When you decide you want something in-house, you can buy Pivotal Cloud Foundry with all the support bells and whistles. Or you can just use the standard cf-release repo and deploy it to you own OpenStack or vSphere environment. Or on AWS. Or on Azure. Or some mixture of the above.

[1] http://lattice.cf

[2] https://run.pivotal.io

[3] https://console.ng.bluemix.net/

[4] https://www.ctl.io/appfog/

[5] http://www.anynines.com/

[6] https://www.swisscom.ch/en/business/enterprise/offer/cloud-d...

Edit: I'd be interested in hearing why people object to this comment.

> Anyhow. If you just want to see quickly if CF fits your needs, the place to go is Lattice[1], explicitly designed to be installable on a laptop.

The issue is not whether or not CF can meet my needs, but that it is crazily complex. That it is complex enough that there's a need for a separat setup "explicily designed to be installable on a laptop" is to me an admission that CF is flawed from the outset. I don't care if it's' installable on a laptop, incidentally, I do all my development and testing and experimentations on setups that matches (in architecture anyway) the environments I'll deploy to.
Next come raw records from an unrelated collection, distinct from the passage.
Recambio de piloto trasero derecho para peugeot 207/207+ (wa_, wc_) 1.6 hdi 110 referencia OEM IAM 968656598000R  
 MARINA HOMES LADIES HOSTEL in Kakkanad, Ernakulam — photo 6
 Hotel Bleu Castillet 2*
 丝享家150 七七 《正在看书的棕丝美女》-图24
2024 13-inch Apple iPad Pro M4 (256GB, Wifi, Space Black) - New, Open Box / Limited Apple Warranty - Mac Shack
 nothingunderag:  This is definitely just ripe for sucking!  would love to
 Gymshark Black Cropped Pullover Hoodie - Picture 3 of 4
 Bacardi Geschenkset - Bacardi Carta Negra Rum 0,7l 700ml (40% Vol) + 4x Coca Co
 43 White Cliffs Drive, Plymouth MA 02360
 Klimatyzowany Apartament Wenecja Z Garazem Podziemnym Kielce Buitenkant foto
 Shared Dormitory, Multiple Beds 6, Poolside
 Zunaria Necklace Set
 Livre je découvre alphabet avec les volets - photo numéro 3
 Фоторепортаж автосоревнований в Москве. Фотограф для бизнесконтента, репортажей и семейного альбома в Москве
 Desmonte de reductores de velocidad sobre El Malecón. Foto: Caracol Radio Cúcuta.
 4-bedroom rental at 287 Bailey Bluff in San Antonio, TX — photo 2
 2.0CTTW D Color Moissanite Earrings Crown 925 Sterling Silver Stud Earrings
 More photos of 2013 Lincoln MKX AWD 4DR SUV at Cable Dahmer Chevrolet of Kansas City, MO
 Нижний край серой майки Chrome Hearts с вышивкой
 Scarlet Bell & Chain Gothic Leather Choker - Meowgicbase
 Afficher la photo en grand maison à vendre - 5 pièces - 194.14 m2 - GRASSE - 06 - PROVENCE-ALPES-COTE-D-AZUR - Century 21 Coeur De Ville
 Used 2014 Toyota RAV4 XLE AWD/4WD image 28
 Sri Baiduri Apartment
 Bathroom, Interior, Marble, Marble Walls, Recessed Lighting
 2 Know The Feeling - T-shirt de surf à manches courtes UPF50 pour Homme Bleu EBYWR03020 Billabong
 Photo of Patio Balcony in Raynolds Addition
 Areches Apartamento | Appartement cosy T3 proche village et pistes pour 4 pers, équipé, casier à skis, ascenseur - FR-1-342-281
Exactly because I refuse to follow a setup built to be easy to get up on a dev machine only to find out that the full production deployment ends up being totally different (a lot of software fails here).

> In the meantime, you can let Pivotal host you on Pivotal Web Services[2].

No, I can't. It's not remotely cost effective for the types of things I do. E.g. for one client I currently part-time manage a private cloud environment with abou 150 containers. Firstly, none of Pivotals options offer enough CPU or memory for us to be able to run it on 150 of the 2GB container options (it'd be more like 500+ at that size), but even if 150 was enough, the estimated cost for that would be substantially more than what it costs to lease racks + power + bandwidth + leasing costs on all the hardware + charging the cost of hardware upgrades/maintainenance and the cost of server admin. With more realistic container counts, it'd bankrupt the company in question.

> and deploy it to you own OpenStack or vSphere environment. Or on AWS. Or on Azure. Or some mixture of the above.

The complexity and/or cost of these options makes CF massive unattractive for me. I'm just in the process of cutting a clients hosting costs by about 80% by ditching AWS for a setup on managed servers, for example, and the full deployment of all the infrastructure we need is substantially simpler than just deploying a "bare" OpenStack deployment, and certainly nothing like putting CF on top. They can afford an awful lot of my time to help implement additional functionality for what they save by that move.

"That it is complex enough that there's a need for a separat setup "explicily designed to be installable on a laptop" is to me an admission that CF is flawed from the outset."

I don't get this. The setup for a Chef or Puppet managed 1000 node setup is quite different than it is for your laptop. Is it somehow fundamentally flawed?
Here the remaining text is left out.